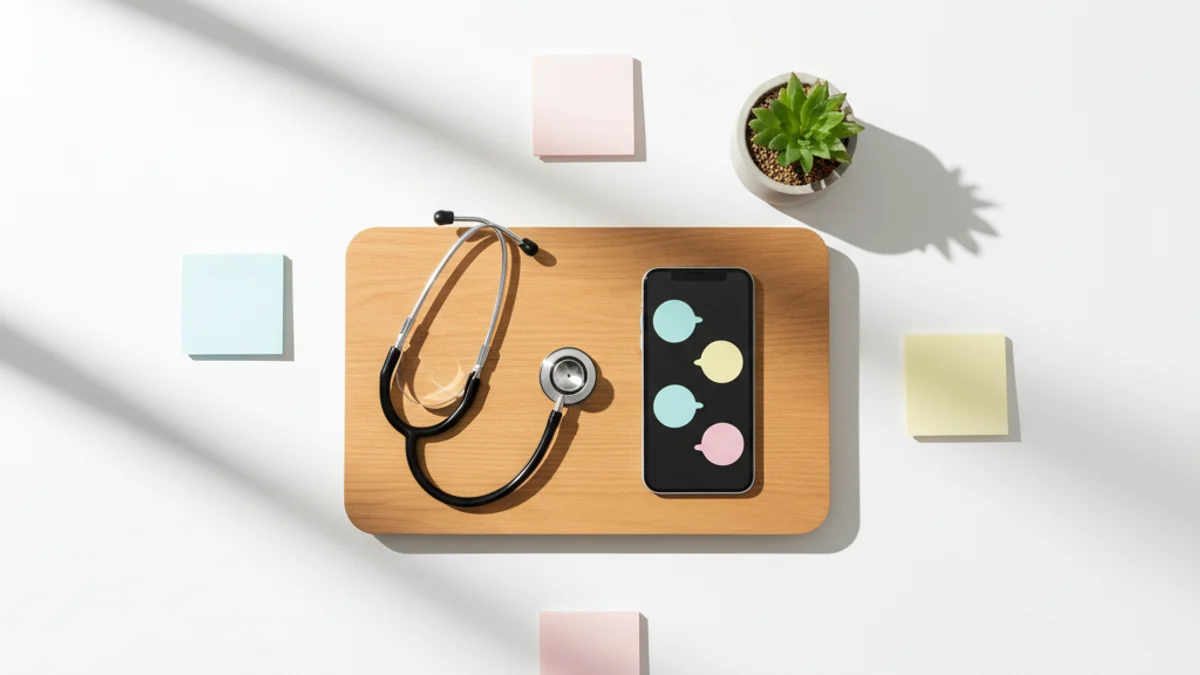 Mesa de clínica com estetoscópio, celular com notificações e plantas em luz natural.
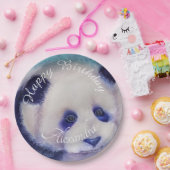 ベビーパンダベアハッピーバースデー ペーパープレート (パーティー)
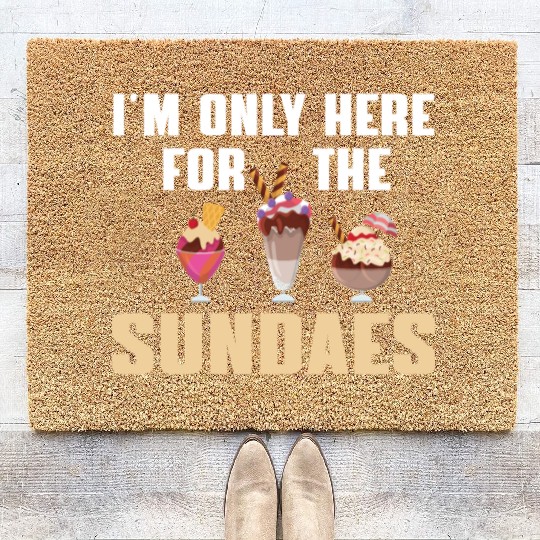 Funny Sundaes Ice Cream Quote Coir Doormats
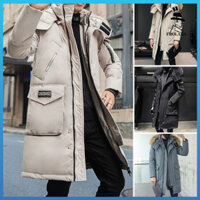 Frolada Nam Xuống Áo Khoác Lông Cổ Có Mũ Trùm Đầu Dài Tay Màu Mùa Đông Áo Dây Kéo Placket Túi Dày Puffer Áo Khoác Ngoài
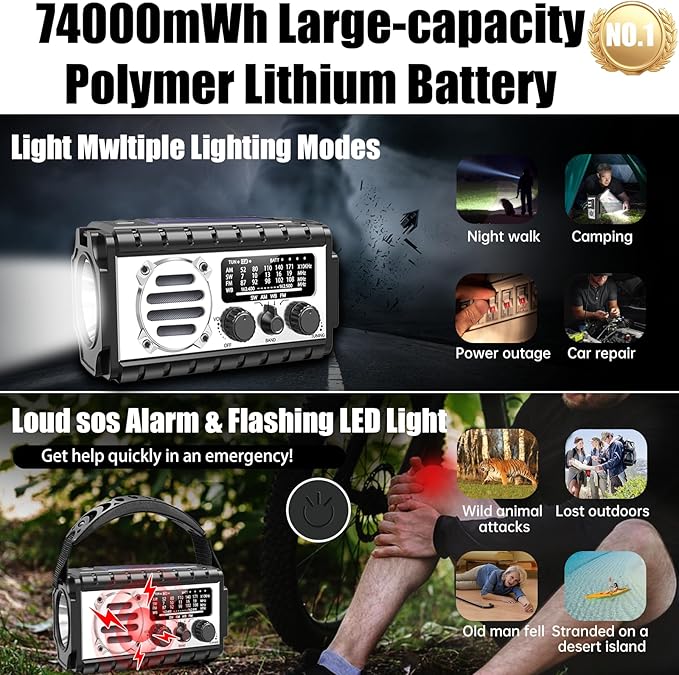 QAUYYW Emergency Radio, 20000mAh/74000mWh Weather Radio, Solar Hand Crank Radio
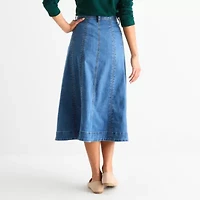 St. John's Bay Womens High Rise Midi Denim Skirt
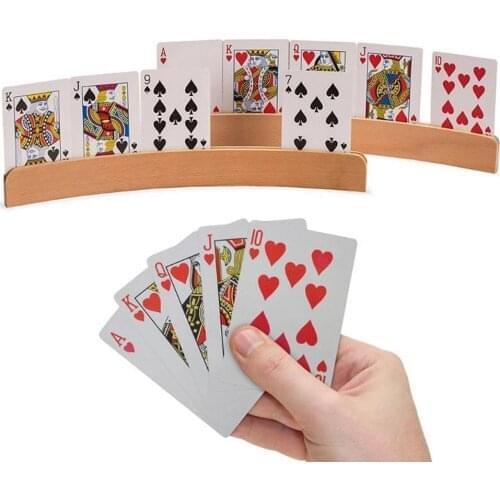 Wooden Lazy Poker Base Hands-Free Playing Card Holder Curved Design Board Game Poker Seat Curved Design Card Holders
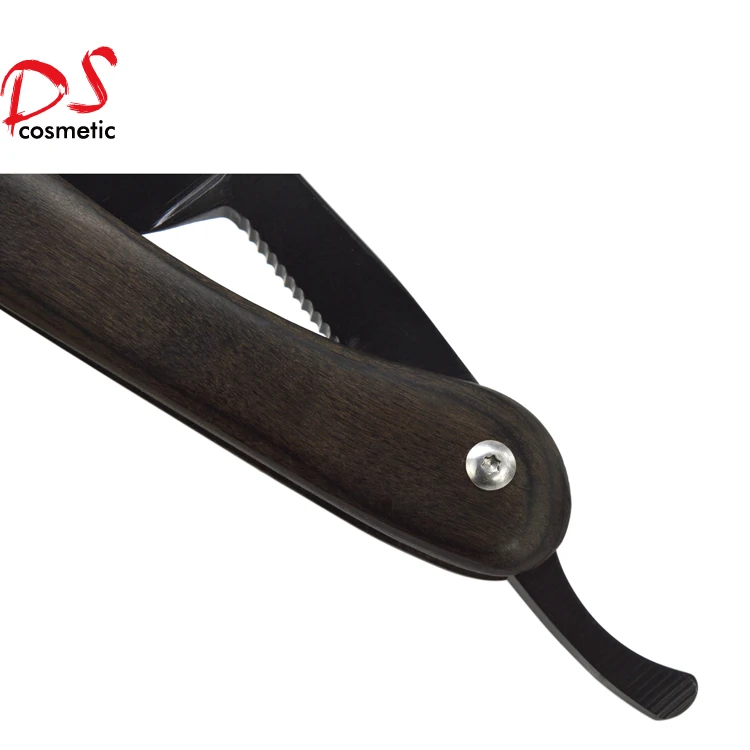 Professional stainless steel folding barber tools straight edge black shaving razor with customer package for barbershop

= = = = =

• **TASK ITEM**
Begin at the first line of the listing and print each line exactly. Stop after the line containing "Funny Sundaes Ice Cream Quote Coir Doormats", and omit all pictures.

• **ANSWER SPACE**
 Mesa de clínica com estetoscópio, celular com notificações e plantas em luz natural.
 ベビーパンダベアハッピーバースデー ペーパープレート (パーティー)
 Funny Sundaes Ice Cream Quote Coir Doormats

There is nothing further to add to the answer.